Description of the task:
Reproduce precisely the lines of the listing below, starting with the line that contains "1957 Mercedes - Benz 300 SL Gullwing Coupe" and stopping after the line that contains "Okładka książki Przemysł"; include nothing else.

Extracted material:
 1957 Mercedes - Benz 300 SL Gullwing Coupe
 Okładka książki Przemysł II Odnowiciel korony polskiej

---

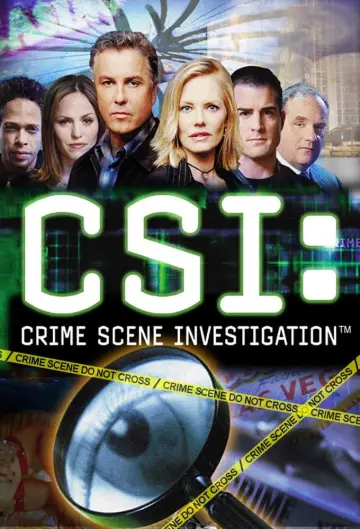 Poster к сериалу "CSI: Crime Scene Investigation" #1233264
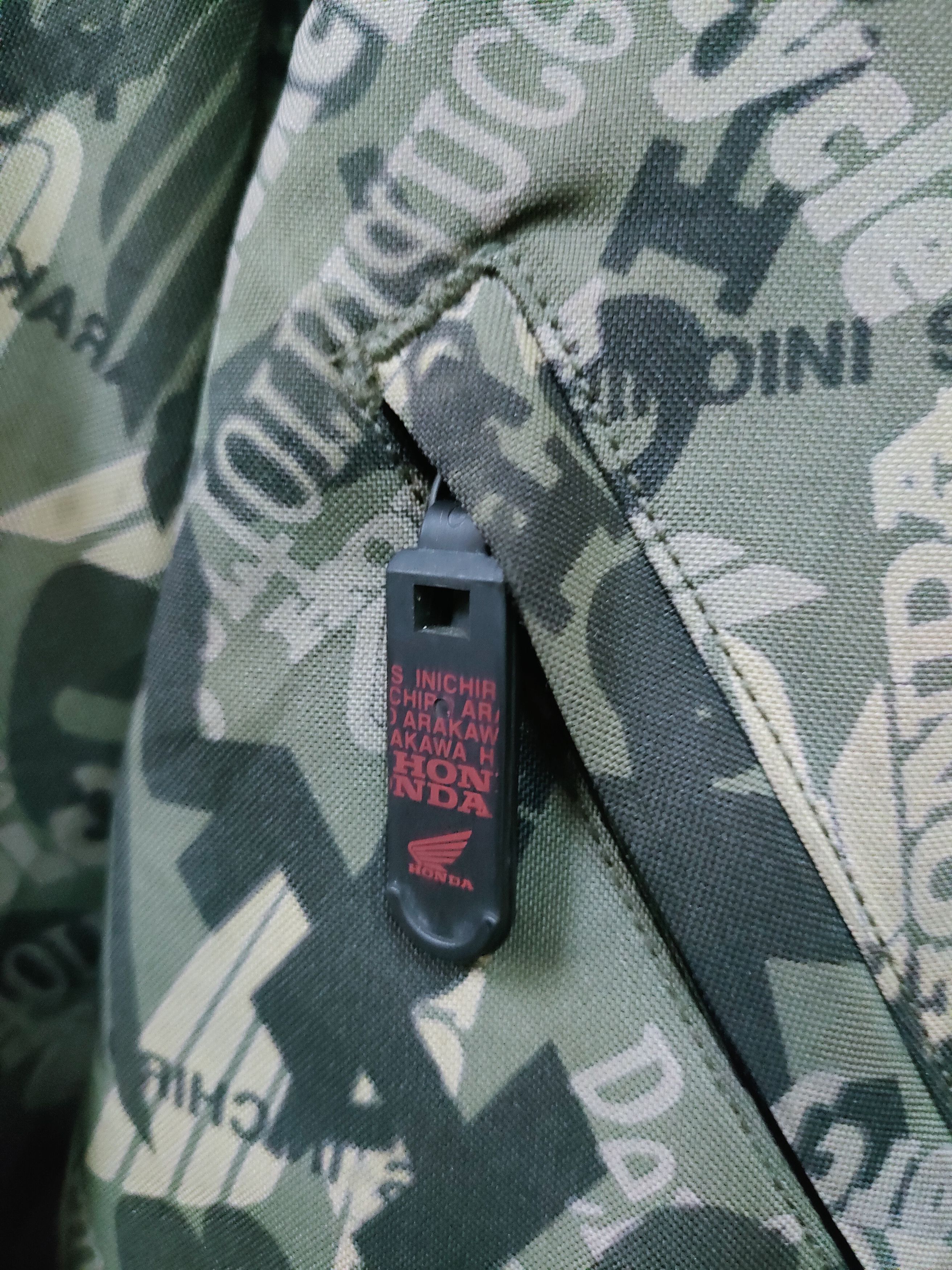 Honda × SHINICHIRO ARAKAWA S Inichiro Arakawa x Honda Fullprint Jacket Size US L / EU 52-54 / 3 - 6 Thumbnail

Reply to the task:
 1957 Mercedes - Benz 300 SL Gullwing Coupe
 Okładka książki Przemysł II Odnowiciel korony polskiej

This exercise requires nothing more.